- August 13, 2018
- Posted by: admin
- Category: Leadership
In their book, Collaborative Leadership: building relationships, handling conflict, sharing control, David Arthur and Alex Cameron argue that collaborative leadership is vital to success in today’s interdependent world. “If interdependence is here to stay, then the only successful response is to develop your own collaborative leadership capability to deal with it.”
I was thinking about collaborative leadership as I heard about David Davis resignation this morning. He is the former Brexit Minister, charged with handling the negotiations that would lead to Britain’s departure from the European Union, following the results of the UK-EU Referendum in 2016.

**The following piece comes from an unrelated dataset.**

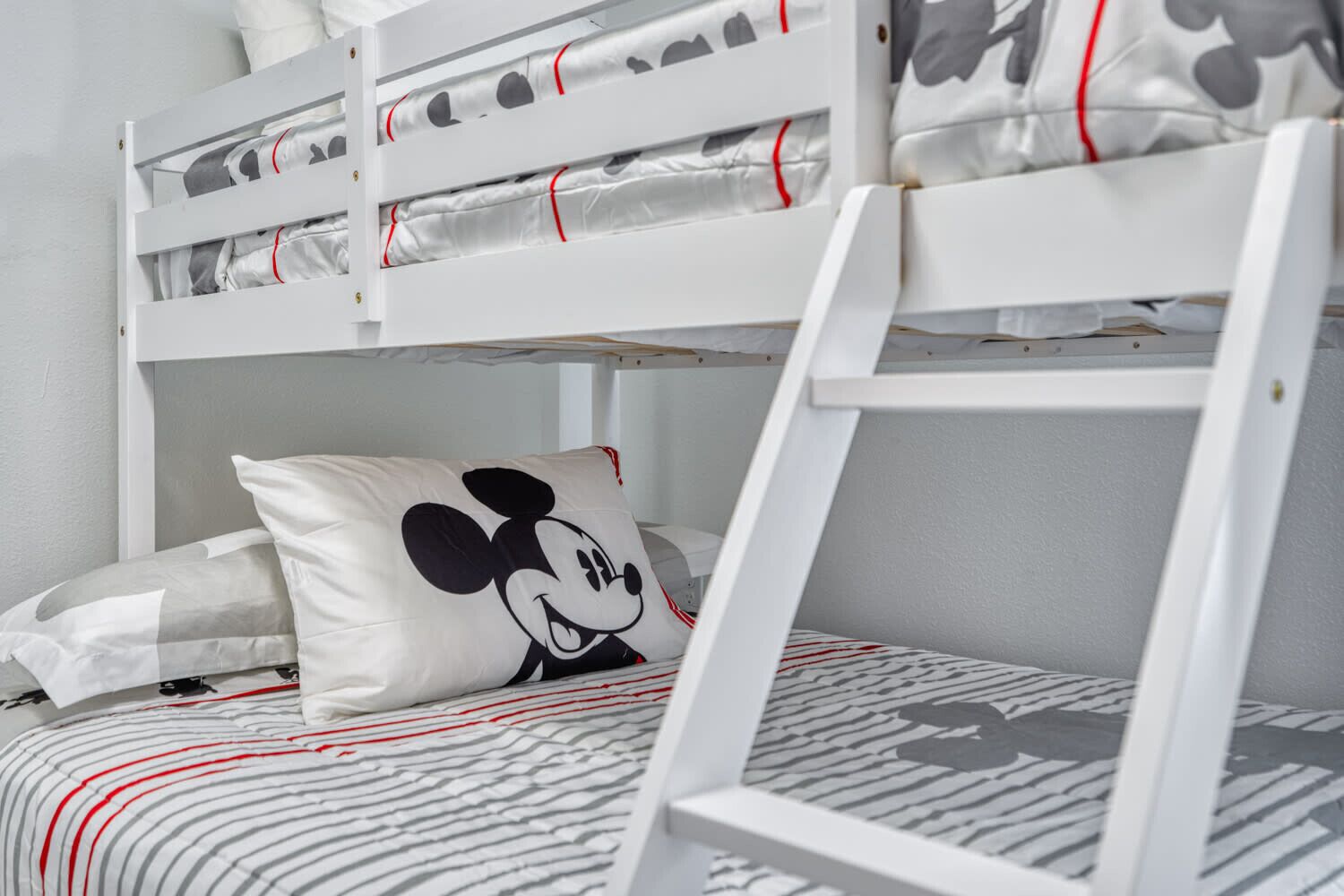 A bunk bed with a Mickey Mouse pillow and striped bedding.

Since then, the Prime Minister, Theresa May has been engaged in all sorts of policy contortions to try to find a way forward that would satisfy the Hard Brexiteers, the Soft Brexiteers and all the varying degrees of hard-soft between.
On the 6thJuly, there was an announcement that the Cabinet had, finally, come to a collective decision and would have collective responsibility for the policy position that had taken something like 12-hours to work through.
Less than 72-hours later, it seems that the so-called collective decision was no such thing. David Davis resigned, citing “principle” and stating that, as the Brexit Minister, he could not go to Brussels to try and sell a policy position he did not agree with. Outside Cabinet he would be able to be more vocal in calling for a stance of ‘this far and no further.’
As I was listening to David Davis’ interview on the Today programme, the question that came to mind for me was:
“what kind of leadership does it take to effectively lead complex, transformational change (such as Brexit), especially where there is a lack of a shared vision about where the organisation, business or enterprise is going and want to achieve, and where there is disagreement, even, about the principles that should guide thinking and focus?”
Does the answer lie in Collaborative Leadership?
Arthur and Cameron (cited above) recommend collaborative leadership as a response to interdependency. I would argue that collaborative leadership also offers a really useful approach to the challenges of embedding complex, systemic, transformational change.
What is collaborative leadership?
Collaborative leadership starts, according to David Chrislip and Carl Larson, in Collaborative Leadership, from the premise that “if you bring the appropriate people together in constructive ways with good information, they will create authentic visions and strategies for addressing the shared concerns of the organisation or community.”
Hank Rubin, author and founder of the Institute of Collaborative Leadership, wrote that a collaborative leader is one who accepts “responsibility for building – or helping to ensure the success of – a heterogeneous team to accomplish a shared purpose.”
Based on the above definitions, there are six key dimensions that go to make up collaborative leadership:
- A heterogeneous team of appropriate people
- Working in constructive ways
- With good information
- To create authentic visions and strategies
- For addressing shared concerns
- And having collective responsibility for helping to ensure success
While some of these elements may be in place with the Cabinet as they discuss Brexit, it is clear that many of the other elements are missing – most notably, the sense of collective responsibility for success and creating authentic visions.
An important element that is missing from the above definition is TRUST.
According to Patrick Lenzioni (The Five Dysfunctions of Team) and other authors writing on team working, TRUST is the foundation of effective relationships that lead to desired results and outcomes. In essence, teams do not perform well without trust.
For Judith Glazer (Conversational Intelligence: How Great Leaders Build Trust and Get Extraordinary Results), great conversations contribute to creating trust. She distinguishes three levels of conversations:
Level I: Transactional conversations – used to transact business and share information with one another
Level II: Positional conversations – using a strong position and point of view to influence others to accept your view of the world
Level III – Transformational conversations – communicating with others to transform and shape reality together
As new ministers are brought into the Cabinet to replace outgoing ministers, the Prime Minister with her Cabinet Members will need to draw on a collaborative leadership approach to develop and sustain trusting relationships based on co-creating conversations.
Note: At the time of posting this article, Boris Johnson the Foreign Secretary has announced his resignation from the Cabinet.